- **What this task involves**
Give the listing again exactly, skipping any pictures it holds.

- **Data excerpt**
++++++++

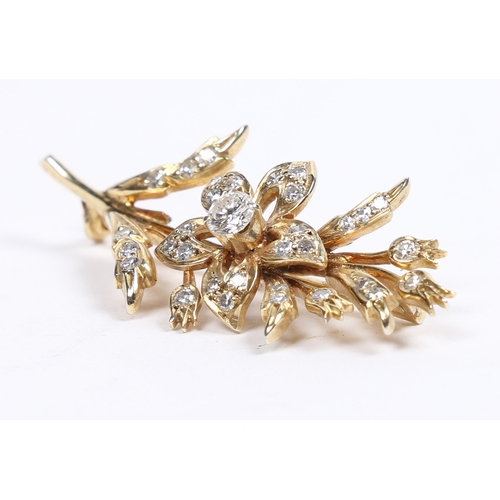 16 - AN 18 CARAT GOLD AND DIAMOND BROOCH. in the form of a flowering branch, the central diamond measurin... 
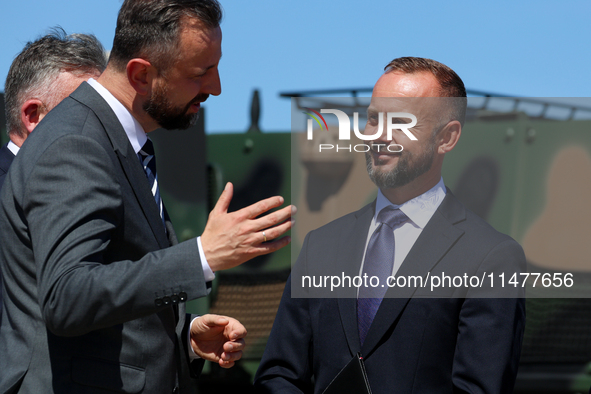 Deputy Prime Minister and Minister of Defence of Poland, Wladyslaw Kosiniak Kamysz speaks to Pawel Matenczuk during a ceremony of signing a...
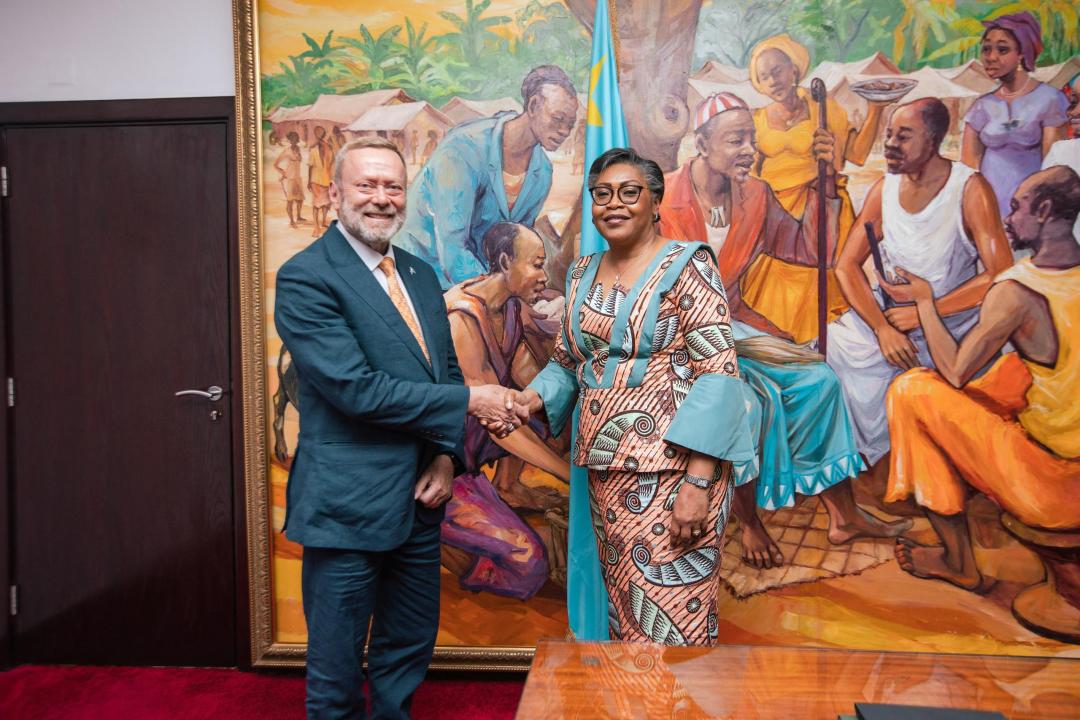 Poignée de main entre la Première Ministre Judith Suminwa Tuluka et le ministre britannique des Affaires Étrangères  pour l'Afrique, Lord Ray Collins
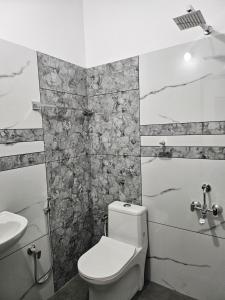 a bathroom with a toilet and a sink at MetroNova Homes - Furnished stay in Ambalappuzha in Alleppey +5 photos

++++++++

- **Exercise response**
 16 - AN 18 CARAT GOLD AND DIAMOND BROOCH. in the form of a flowering branch, the central diamond measurin... 
 Deputy Prime Minister and Minister of Defence of Poland, Wladyslaw Kosiniak Kamysz speaks to Pawel Matenczuk during a ceremony of signing a...
 Poignée de main entre la Première Ministre Judith Suminwa Tuluka et le ministre britannique des Affaires Étrangères  pour l'Afrique, Lord Ray Collins
 a bathroom with a toilet and a sink at MetroNova Homes - Furnished stay in Ambalappuzha in Alleppey +5 photos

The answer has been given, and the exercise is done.